We can use regression analysis to answer a wide variety of questions, including the examples below.

* Is the relationship between two variables linear?

* Is there even a dependency between two variables?

* How strong is the relationship?

* Which variable contributes the most to the outcome measurement?

* How accurately can we predict future values?

* Is our outcome variable caused by another variable?


Regression analysis allows us to answer these questions by estimating regression coefficients for every predictor variable used in a model. Let’s assume that we are analyzing a simple model that is made up of just one predictor, one outcome variable. This model is formally represented as follows: $Y=B_0+B_1*x+error$.

The best fit line is agreed to be the one that minimizes the residual error ($Error_i = y_i - \hat y_i$).
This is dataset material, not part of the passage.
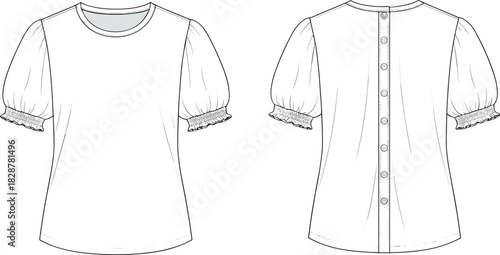 Technical blouse fashion sketch, puff sleeve design, front and back view, button-down back, garment construction, apparel template, clothing vector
It is important to note that regression models use the sum of squared error (SSE).

## Fitting the Model

### Example

In [None]:
plot(trees)

In [None]:
m1 =lm(Volume~Girth,data=trees)

In [None]:
coefficients(m1)

In [None]:
fitted(m1)

In [None]:
# pay attention to the Pr(>|t|) column, adjusted R-squared, and the p-value associated with the F-statistic
summary(m1)

In [None]:
coefficients(m1)[[2]]*2.1+coefficients(m1)[[1]]

### Question 1

Load the dataset `iris`.

A) Perform a linear regression where you aim to predict the petal width from its pedal length

B)  Based off of your results, what would be the predicted petal width of the iris if its pedal length is 2.3?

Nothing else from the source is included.